Analysis of small RNAs

The small RNAs were screened against the Sanger Non-coding RNA Database (http://www.sanger.ac.uk/resources/databases/rfam.html) to eliminate rRNAs, tRNAs, and snoRNAs [42]. Small RNAs that were identical to the transposable elements identified in the G. max genome, downloaded from SoyTE (http://www.soybase.org/soytedb/), were also removed. Small RNAs were aligned to NAT transcripts using SOAP [43]. Sequences that were identical to NAT transcripts were considered as NAT-derived siRNAs. The significance of the enrichment of small RNAs in the overlapping regions of NATs was calculated according to the method previously described by Chen et al. [25]. Briefly, the number of unique small RNAs generated from the overlapping region (No) and NAT transcripts (Nt), and their corresponding lengths (Lo and Lt) were determined.

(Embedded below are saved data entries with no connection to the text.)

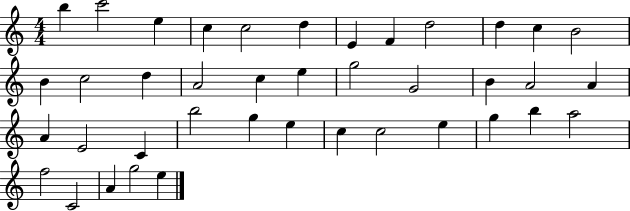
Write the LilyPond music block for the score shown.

{
  \clef treble
  \numericTimeSignature
  \time 4/4
  \key c \major
  b''4 c'''2 e''4 | c''4 c''2 d''4 | e'4 f'4 d''2 | d''4 c''4 b'2 | \break b'4 c''2 d''4 | a'2 c''4 e''4 | g''2 g'2 | b'4 a'2 a'4 | \break a'4 e'2 c'4 | b''2 g''4 e''4 | c''4 c''2 e''4 | g''4 b''4 a''2 | \break f''2 c'2 | a'4 g''2 e''4 | \bar "|."
}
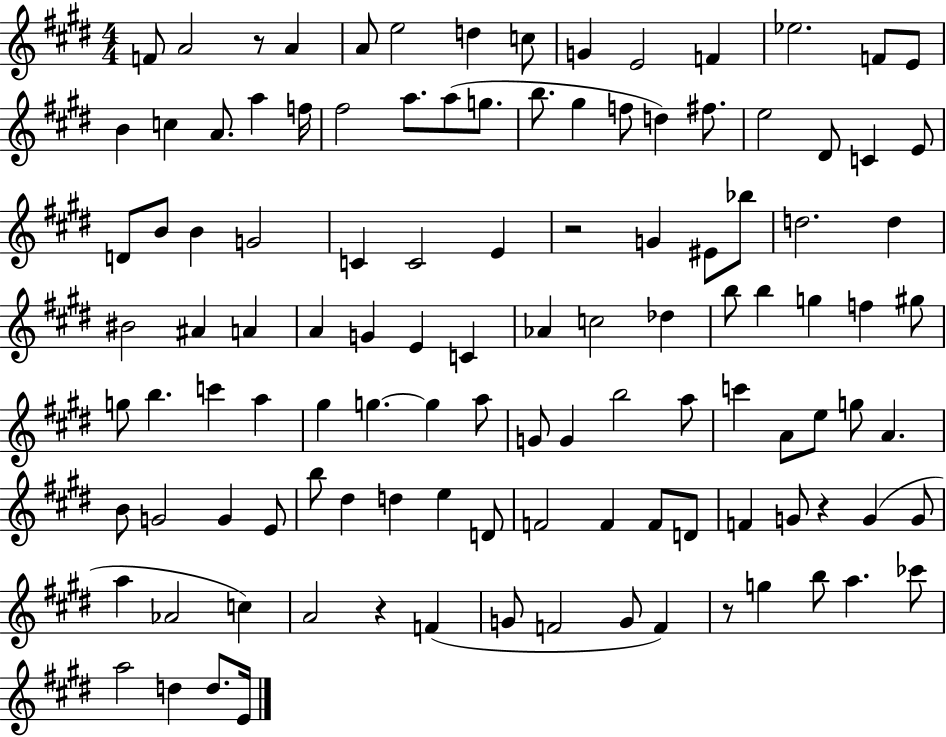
{
  \clef treble
  \numericTimeSignature
  \time 4/4
  \key e \major
  f'8 a'2 r8 a'4 | a'8 e''2 d''4 c''8 | g'4 e'2 f'4 | ees''2. f'8 e'8 | \break b'4 c''4 a'8. a''4 f''16 | fis''2 a''8. a''8( g''8. | b''8. gis''4 f''8 d''4) fis''8. | e''2 dis'8 c'4 e'8 | \break d'8 b'8 b'4 g'2 | c'4 c'2 e'4 | r2 g'4 eis'8 bes''8 | d''2. d''4 | \break bis'2 ais'4 a'4 | a'4 g'4 e'4 c'4 | aes'4 c''2 des''4 | b''8 b''4 g''4 f''4 gis''8 | \break g''8 b''4. c'''4 a''4 | gis''4 g''4.~~ g''4 a''8 | g'8 g'4 b''2 a''8 | c'''4 a'8 e''8 g''8 a'4. | \break b'8 g'2 g'4 e'8 | b''8 dis''4 d''4 e''4 d'8 | f'2 f'4 f'8 d'8 | f'4 g'8 r4 g'4( g'8 | \break a''4 aes'2 c''4) | a'2 r4 f'4( | g'8 f'2 g'8 f'4) | r8 g''4 b''8 a''4. ces'''8 | \break a''2 d''4 d''8. e'16 | \bar "|."
}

The ratios No/Nt and Lo/Lt were used to calculate the density of small RNAs in the overlapping (Do) and entire (Dt) regions of the NAT. The ratio of Do/Dt was considered to be the enrichment score, and a standard χ2 test was performed to test the significance of the enrichment of small RNAs in the overlapping regions of NATs.

Identification of nat-siRNA targets

Degradomes were mapped onto NAT transcripts using SOAP. The sequences that identically matched NAT transcripts were considered to be the NAT degradome. The locus sequence, containing the 20 bp upstream and downstream regions of the NAT degradome, was extracted as the long degradome from the transcript. Next, a search for small RNA targets was performed as described by Schwab et al. [44]. Total NAT-derived small RNAs were used to query the long degradome sequences, and small RNAs and complementary cDNA pairs for potential target sites were obtained using Patscan set at the default parameters: three mismatches, zero insertions, and zero deletions were permitted [45]. Only hits with fewer than two mismatches in positions 1–9, no mismatches in positions 10 and 11, and fewer than three mismatches after position 11 in the small RNAs were considered good target sequences.

Identification of pre-miRNAs and miRNA targets involved in the NAT network

Flanking sequences of the small RNAs that matched identically with the NAT transcripts were obtained as described by Sunkar and Zhu [46]. Fragment sequences 200 bp upstream and downstream of NAT-derived small RNAs were extracted from the NAT transcripts. Simulation of folding was then performed using UNAfold [40]. Identified secondary structures were checked for miRNA features using MirCheck [47]. The miRNA targets in soybean were predicted using the psRNATarget server (http://plantgrn.noble.org/psRNATarget/) [48]. Validated targets of miRNAs in soybean were obtained from Song et al. and Hu et al. [31, 32]. The targets containing the antisense transcripts were considered to be NAT-related miRNA targets.